After seven years of exile in Pakistan, Gul Agha Shirzai, the former governor of Kandahar, has, with American military support, resumed his old post. A strong defender of Zahir Shah, the former king, Shirzai commands respect from his troops, and many Pashtuns, for his reputation of cruelty. He is rumored to have threatened to shoot any soldier who did not remain alongside him during the advance on Kandahar, and has reportedly punched some of his soldiers during sporadic temper tantrums.

Shirzai has also been in the spotlight recently for his escalating feud with Tajik warlord Ismael Khan over the perceived harassment and imprisonment of Pashtun traders in Herat province, Ismael Khan's close ties to Iran, and security on the highway between Kandahar and Herat. The spat threatened to develop into a bloody battle at one point, as one of Gul Agha's security advisers claimed to be rounding up 20,000 troops to attack Herat. But he appears to have picked up some lessons in diplomacy along with his new title, opting finally to send a peaceful delegation to Herat instead. NEWSWEEK's Babak Dehghanpisheh met with Shirzai in Quetta, where the governor was shopping for new furnishings for his house in Kandahar.

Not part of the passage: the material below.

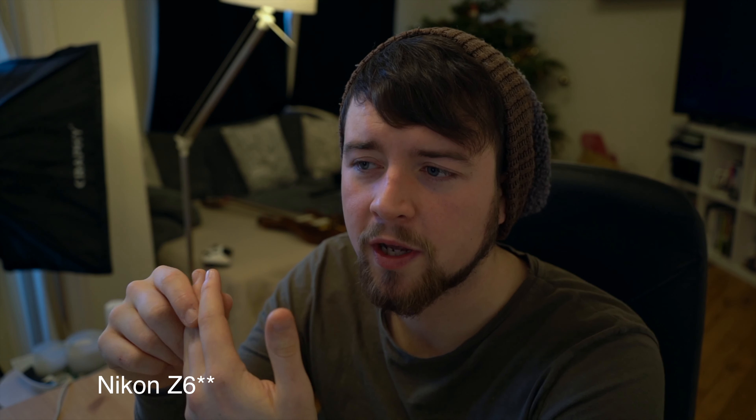Nikon has a slight crop in 4K as well, and it still has IBIS — in-body image stabilisation — which is kind of decent. But I can talk about this in another video. This Sony is just better for video. The Nikon does have 10-bit 4K, and that's good to some people. For me, I don't really mind.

NEWSWEEK: You recently sent a delegation to Herat to discuss the harassment and imprisonment of Pashtun traders and Ismael Khan's ties to Iran. How did the meeting go?

Gul Agha Shirzai: The meeting wasn't negative or positive. Ismael Khan answered our questions and said he would also have a discussion with Hamid Karzai.

So your differences with Ismael Khan have been resolved?

No, there are still problems. I spoke with the Iranian ambassador in Kabul. I told him his people are in Herat and they're giving inappropriate aid like money and weapons [to Khan]. He said he didn't know anything about these activities. This kind of aid has to be coordinated through the central government. What the Iranians are doing is meddling. Serious meddling.

Do you have any proof that Iran has been giving weapons to Ismael Khan?

Kalashnikovs were brought to Herat. They [Ismael Khan's representatives] say, 'We've got our own customs office. We've got money. We bought these weapons.' What are they doing? The central government should be the one buying weapons. Ismael Khan doesn't have the right to purchase weapons. It's not his responsibility. The central government has the sole responsibility for purchasing and distributing material.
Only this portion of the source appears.